Mr. Sharansky, ease my doubts by Martin Kramer (Natan Sharansky's The Case for Democracy)
Martin Kramer has an interesting response to Natan Sharansky's The Case for Democracy. He differentiates between freedom of and freedom from. Freedom of being rights like freedom of speech and freedom of religion.
A much larger group is what I would call the 'freedom from' people. Their idea of freedom is somewhat different. It is freedom from oppressive government, not so much for the individual, as for the collective -- the kinship group, the tribe, the religious sect. The quest for this kind of freedom has existed in the Middle East from time immemorial. The late Elie Kedourie put it best. 'The Middle Easterner,' he said, 'is very far from thinking that he has a right to have a say in politics.
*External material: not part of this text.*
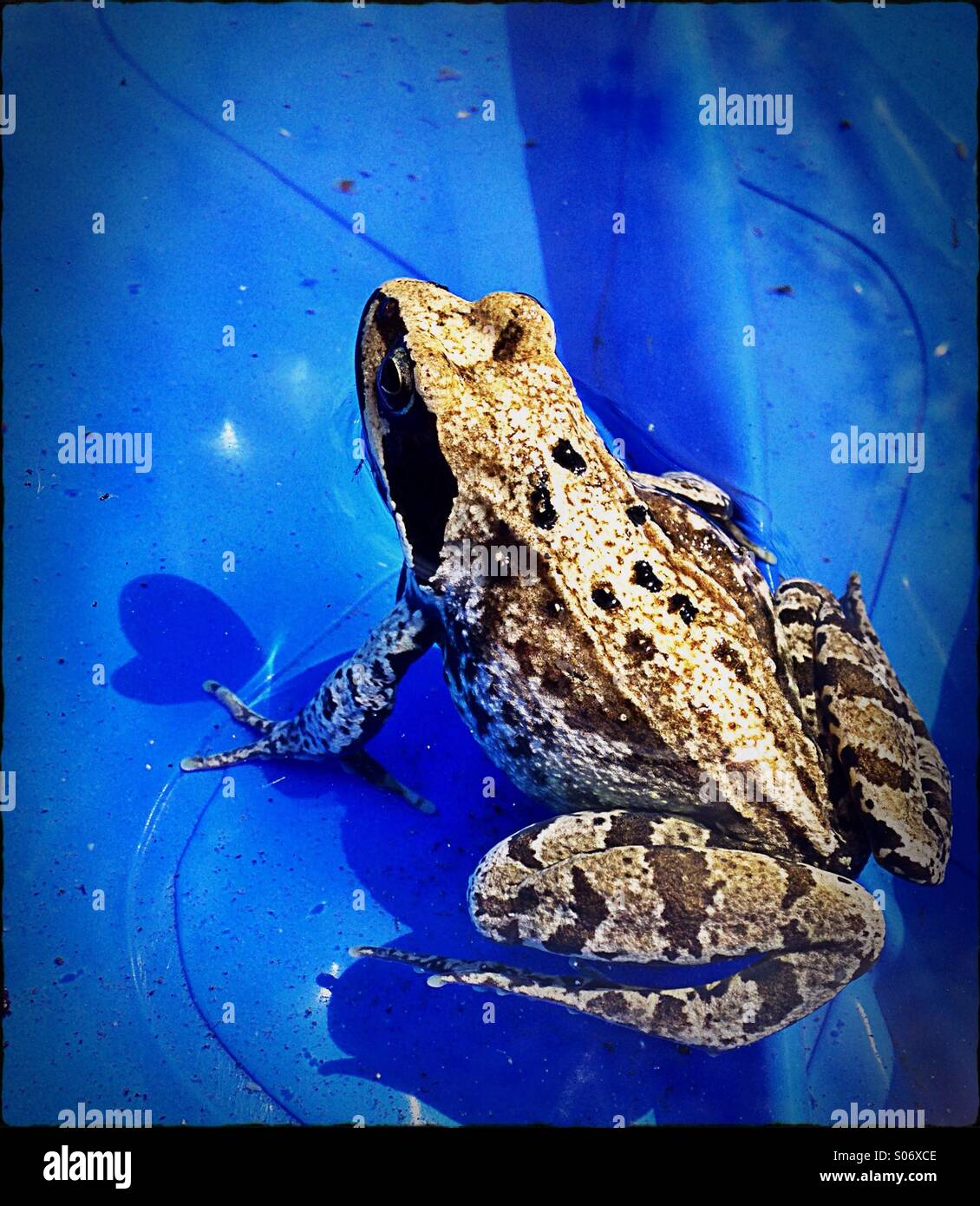 Garten Frosch - Smartphone-aufgenommenes Stockfoto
All he wants is to be left alone and not to be oppressed.' Elsewhere he wrote of the Syrians, as archetypes of the Arabs, that 'they have never been much accustomed to being asked their opinion about their rulers. For them the happy man has always been he who has a beautiful wife, a comfortable house, a lucrative occupation, who does not know government, and whom government does not know; in short, the private man.'
No doubt this is a desire for freedom, but it is freedom from, not freedom of. What is the difference? You may desire freedom from oppressive government, and still deny your beautiful wife the freedom to drive, or get an education, or go about in public. You may fervently wish not to know government, but still expect blasphemers and adulteresses to be punished by law. You may fight for freedom from oppression for yourself, and not much care if your neighbor is oppressed, especially if he is from a different family, or tribe, or sect.
It brings into doubt how much transformation across the Middle East can be achieved in the short-term -- decades.